Re: git: a1097094c4c5 - main - newvers: Set explicit git revision length

From: Brooks Davis <brooks_at_freebsd.org>
Date: Thu, 19 Dec 2024 18:45:41 UTC
On Thu, Dec 19, 2024 at 10:03:05AM -0500, John Baldwin wrote:
> On 12/18/24 12:12, Gleb Smirnoff wrote:
> > On Wed, Dec 18, 2024 at 10:22:24AM -0500, Ed Maste wrote:
> > E> That said, it doesn't matter what Git's algorithm chooses as the short
> > E> hash length; specifying --short bypasses that algorithm. `git
> > E> rev-parse --verify --short=12 HEAD` will give us a 12-character short
> > E> hash as long as that hash is unique. The reproducibility concern is
> > E> thus: what is the probability that the 12-character short hash is
> > E> unique at the time and in a repo from which an image is built, but is
> > E> not unique for the attempt to reproduce it, or vice-versa. This
> > E> probability is rather small.
> > E>
> > E> If you look at arbitrary commits 6 or 7 characters are usually
> > E> sufficient for a unique hash today. For instance, some latest -pX from
> > E> recent releng/ branches:
> > E>
> > E> 13.3: 72aa3d
> > E> 13.4: 3f40d5
> > E> 14.0: f10e32
> > E> 14.1: 74b6c98
> > E> 14.2: c8918d6
> > E>
> > E> The status quo of --short=12 should be fine for quite some time.
> > 
> > AFAIU John's concern is that you can't guarantee a reproducible build from a
> > "dirty" repository.  A repository that has more branches than just the official
> > ones.  I just make a quick check on Netflix repo, that has both the current
> > FreeBSD history and the before-the-official-git history together, as well as
> > splitted ports subdirectories and of course our own stuff.  For short hashes
> > there are roughly 2x more ambiguities than for a "clean" repo.  Apparently
> > chance of collision on a long hash is also doubled.
> > 
> > We can of course say that we don't provide reproducible builds from a "dirty"
> > repo.  But would be a real limitation.  That would cancel a legitimate
> > scenario:
> > 
> > git subtree add FreeBSD && cd FreeBSD && make a reproducible build
> 
> In particular, the dirty repository scenario I imagine is FreeBSD's official
> repository at some point in the future.  A question though is how far in the
> future would it have to be to matter.  If we would need 100+ years at our
> current commit rate to matter, then this is probably moot.  The other point
> I guess is that how many other user git settings can affect the build?  Should
> we not require an empty global git config as a prereq for someone who wants a
> reproducible build (and use the same setup for our official builds) and say
> that if you adjust your user config to impact the build that's kind of your
> problem?

I'm not super concerned about rollover here.  If it becomes an issue,
and someone wants to reproduce the build in the future (e.g., a decade
from now) they can always produce a custom repo with future history
removed to avoid having git add extra digits.  IMO that's going to be
the least of their problems given they will need to bootstrap the
correct LLVM in order to make sure binaries are the same.
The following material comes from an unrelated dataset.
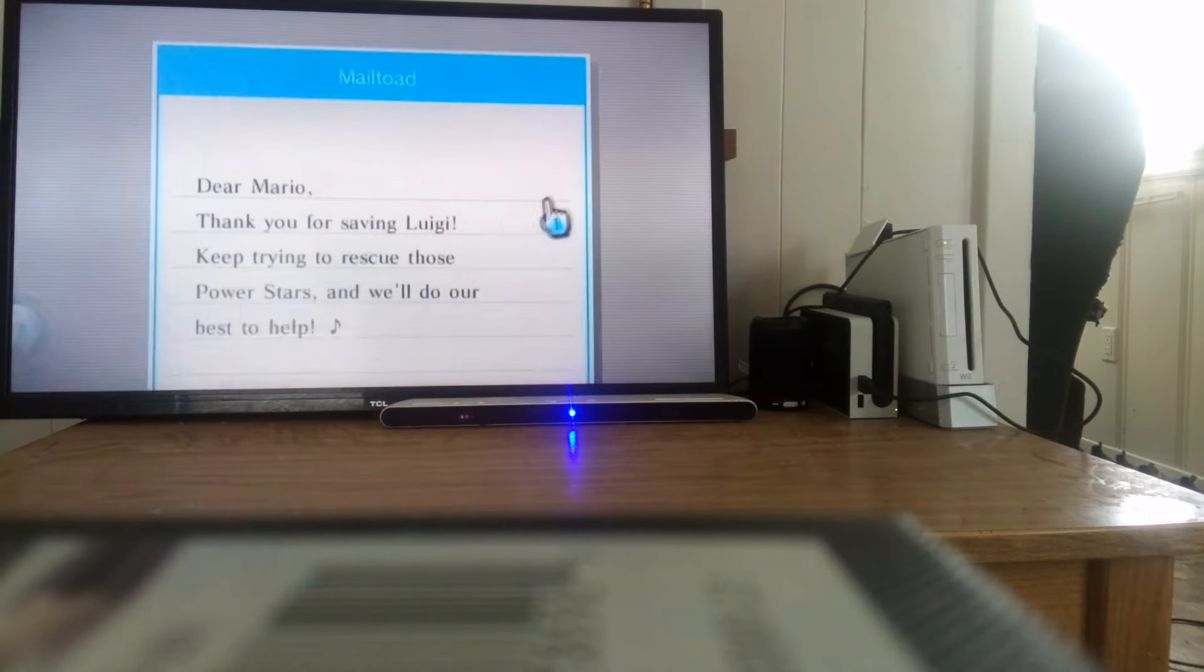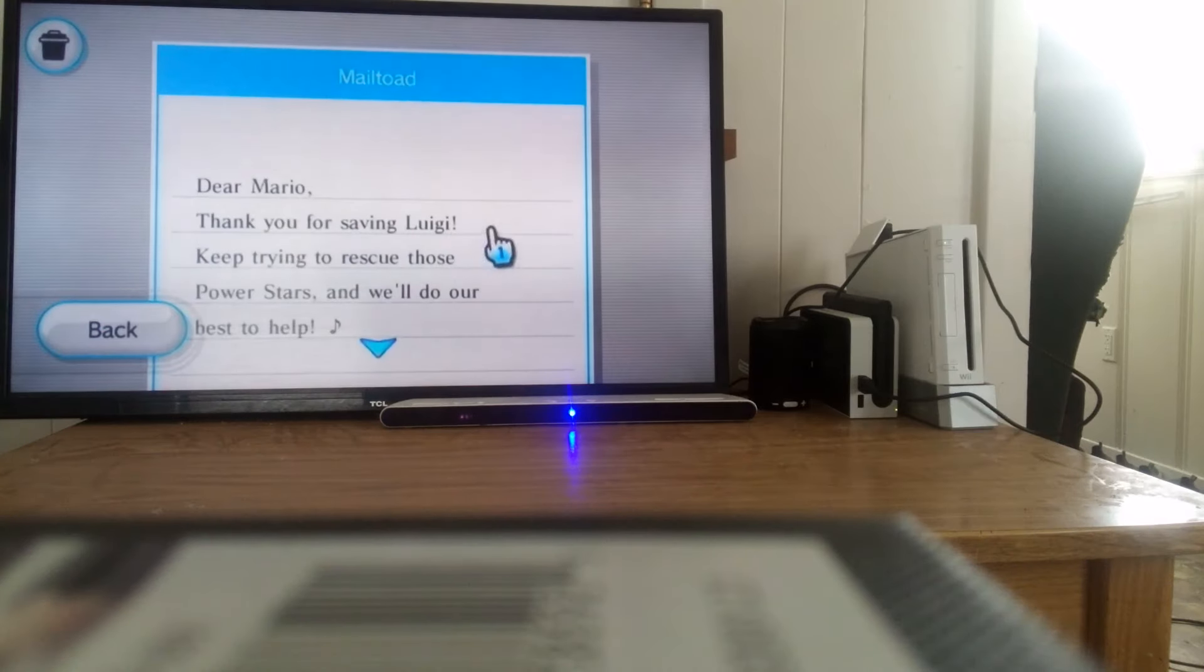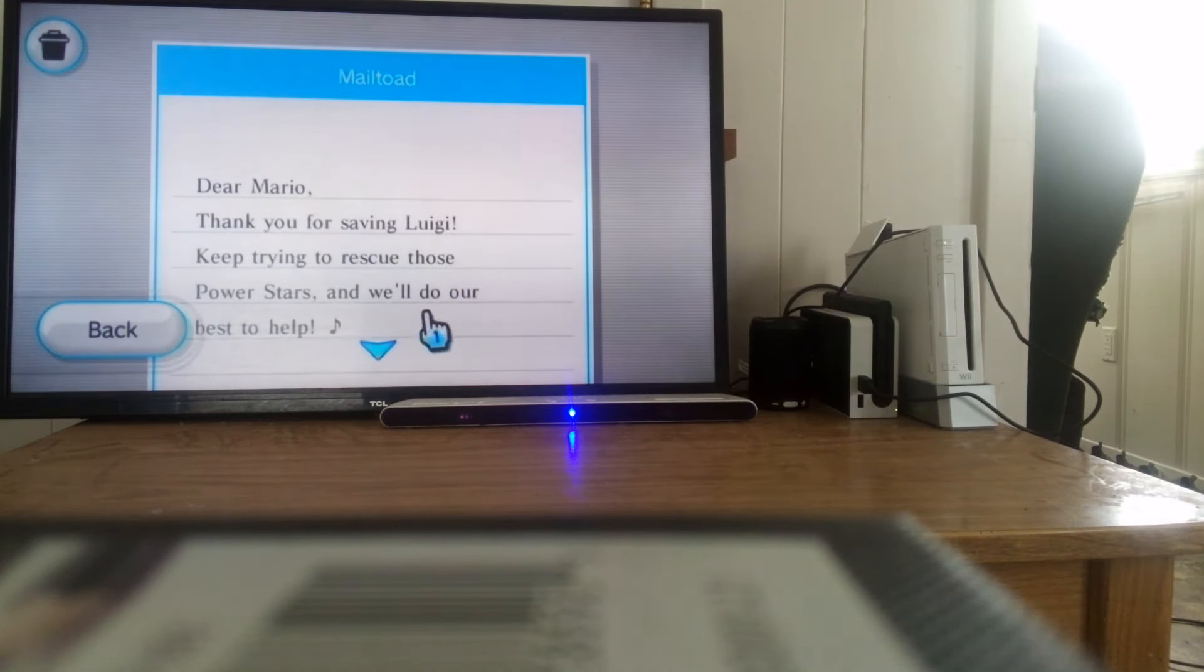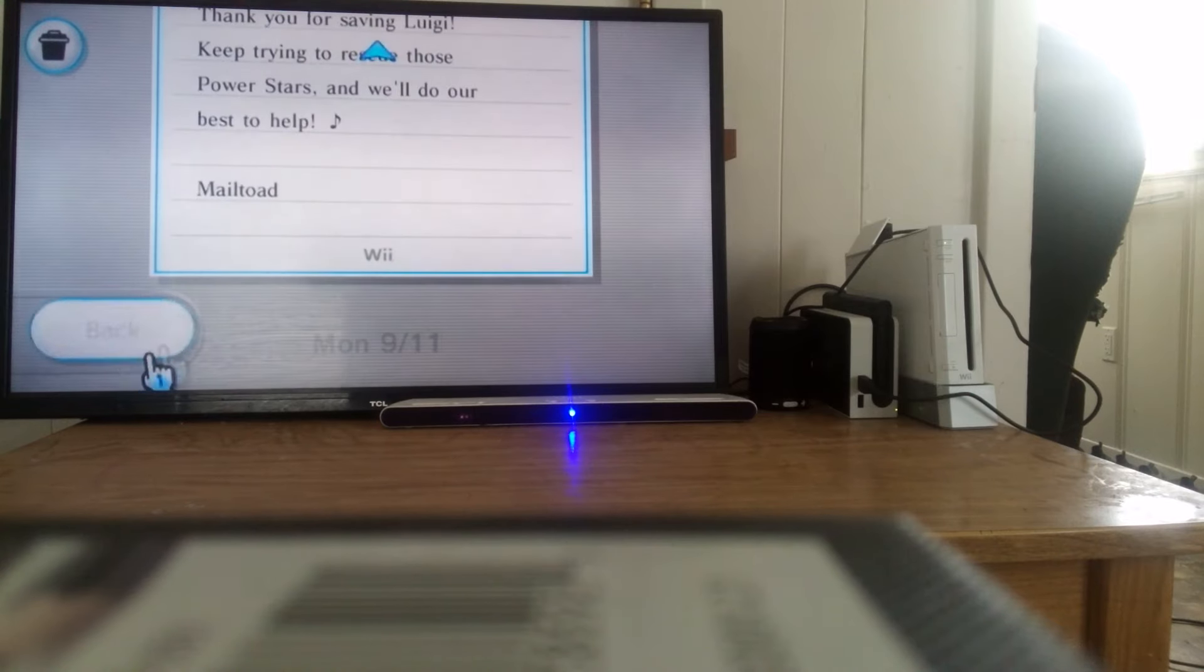And then of course the letter once you rescue him is, Dear Mario, thank you for saving Luigi. Keep trying to rescue those power stars, and we'll do our best to help. Mail toad.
For FreeBSD itself, I think we're a very long way away.  FreeBSD main
from about a week ago has 296268 commits per `git rev-list --count HEAD`
and CheriBSD has more than twice as many at 662027[0] (more than LLVM's
521761).  All default to 12 digits for short.  If we wanted to add some
margin going to 13 should last until SHA1 is completely untenable as a
hash.

-- Brooks

[0] For those following along, this has two causes: 1) we have both the
current history and uqs's git export history in our history, 2) We merge
each upstream commit individually so we've added a merge commit for each
first-parent commit to src/main since 2015.